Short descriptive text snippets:
►

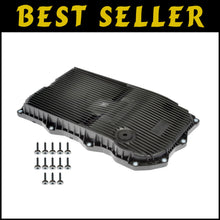 Load image into Gallery viewer, Durable Transmission Fluid Pan with Drain Plug, Gasket &amp; Bolts for Select Models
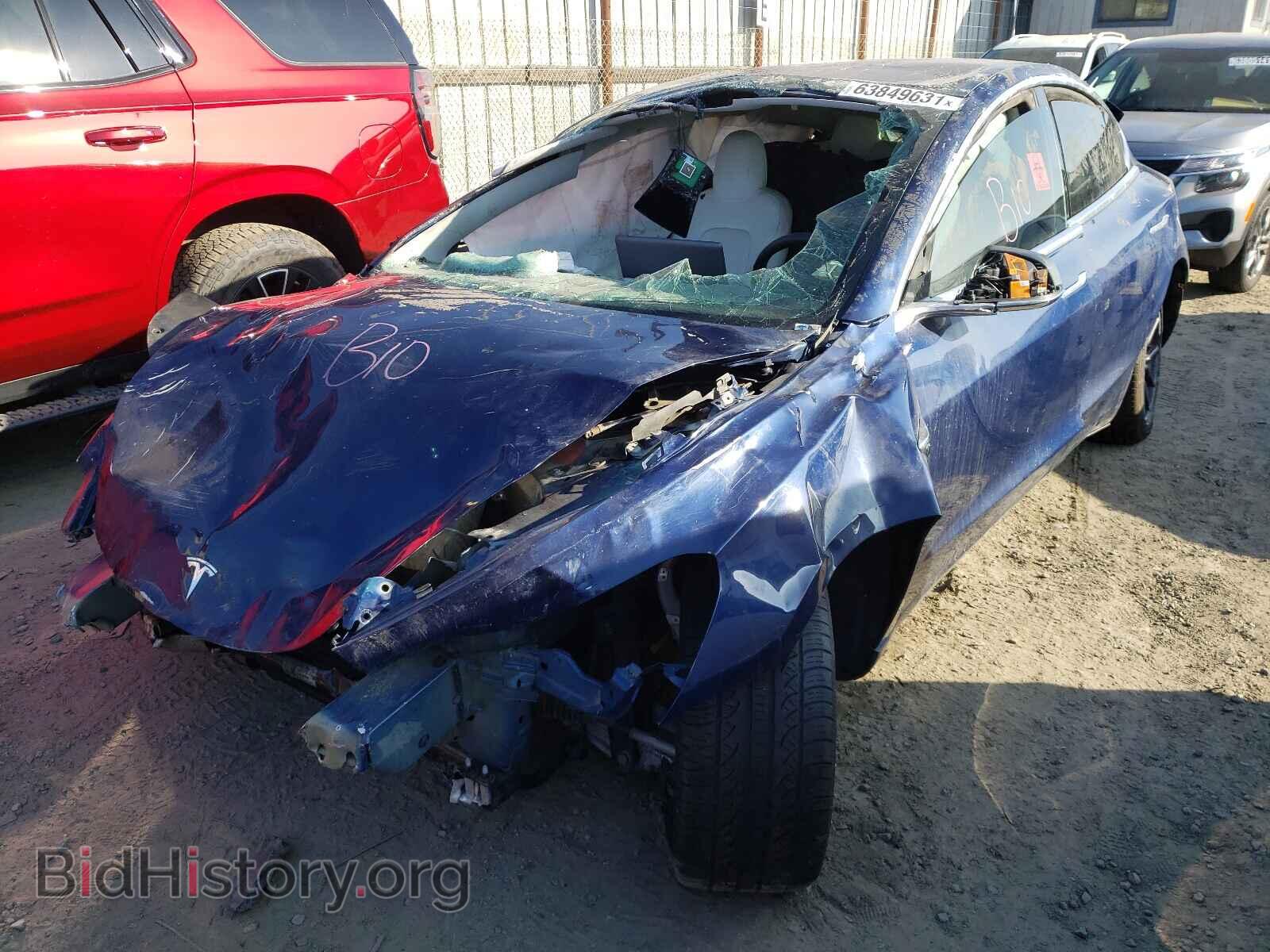 2018 TESLA MODEL 3 - VIN: 5YJ3E1EBXJF101063 - Фото 2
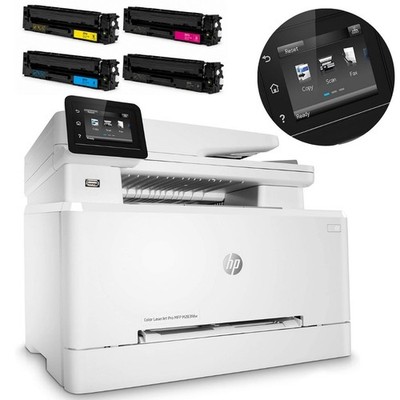 HP Color LaserJet Pro M283fdw All in One Laser Drucker Farbe - WLAN -FAX -Duplex
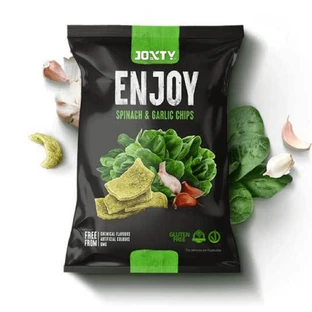 Chips aux épinards et à l'ail, 40 g, Enjoy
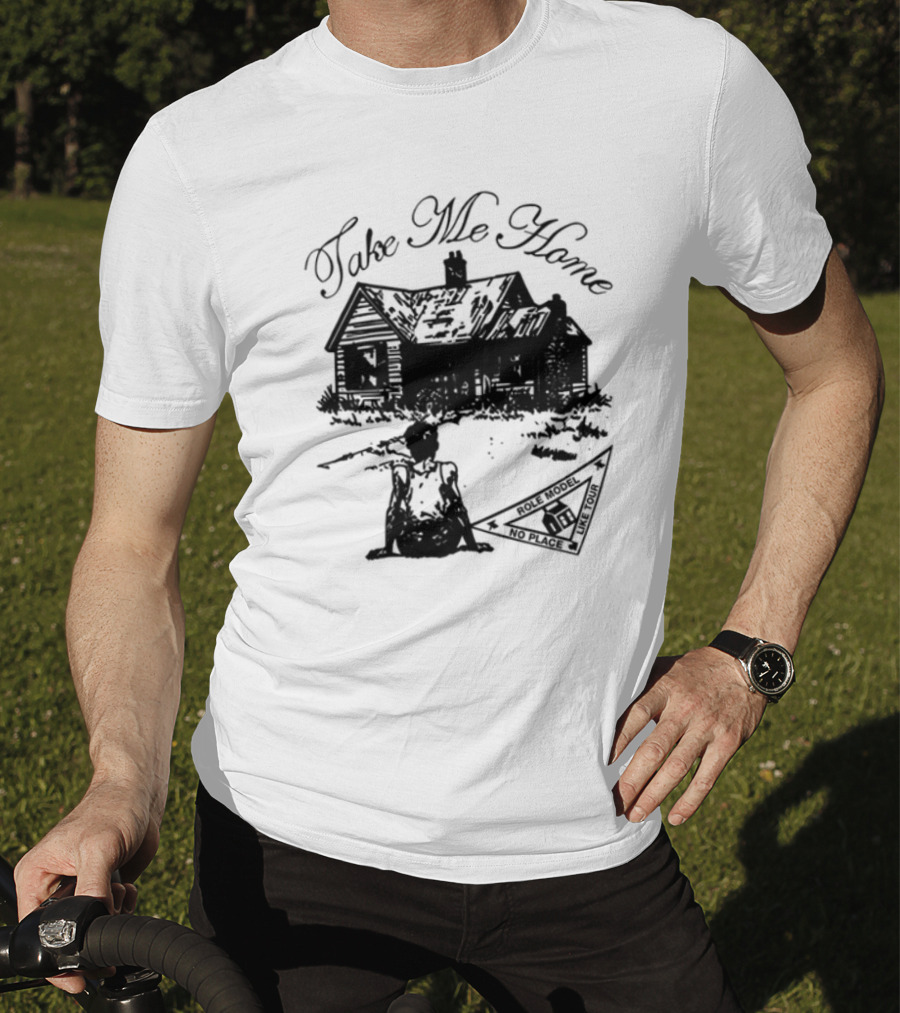 Take Me Home Country Roads Camping Adventure Scene T-Shirt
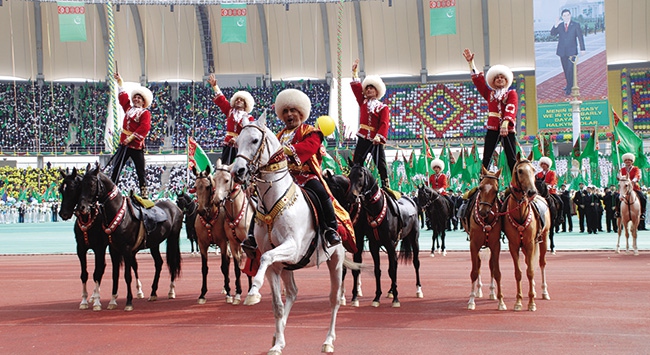 Türkmenistan 26. bağımsızlık kutlamaları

◄

### TASK ITEM
Return the data above in its exact wording, with none of the pictures.

### TASK RESULT
 Load image into Gallery viewer, Durable Transmission Fluid Pan with Drain Plug, Gasket &amp; Bolts for Select Models
 2018 TESLA MODEL 3 - VIN: 5YJ3E1EBXJF101063 - Фото 2
 HP Color LaserJet Pro M283fdw All in One Laser Drucker Farbe - WLAN -FAX -Duplex
 Chips aux épinards et à l'ail, 40 g, Enjoy
 Take Me Home Country Roads Camping Adventure Scene T-Shirt
 Türkmenistan 26. bağımsızlık kutlamaları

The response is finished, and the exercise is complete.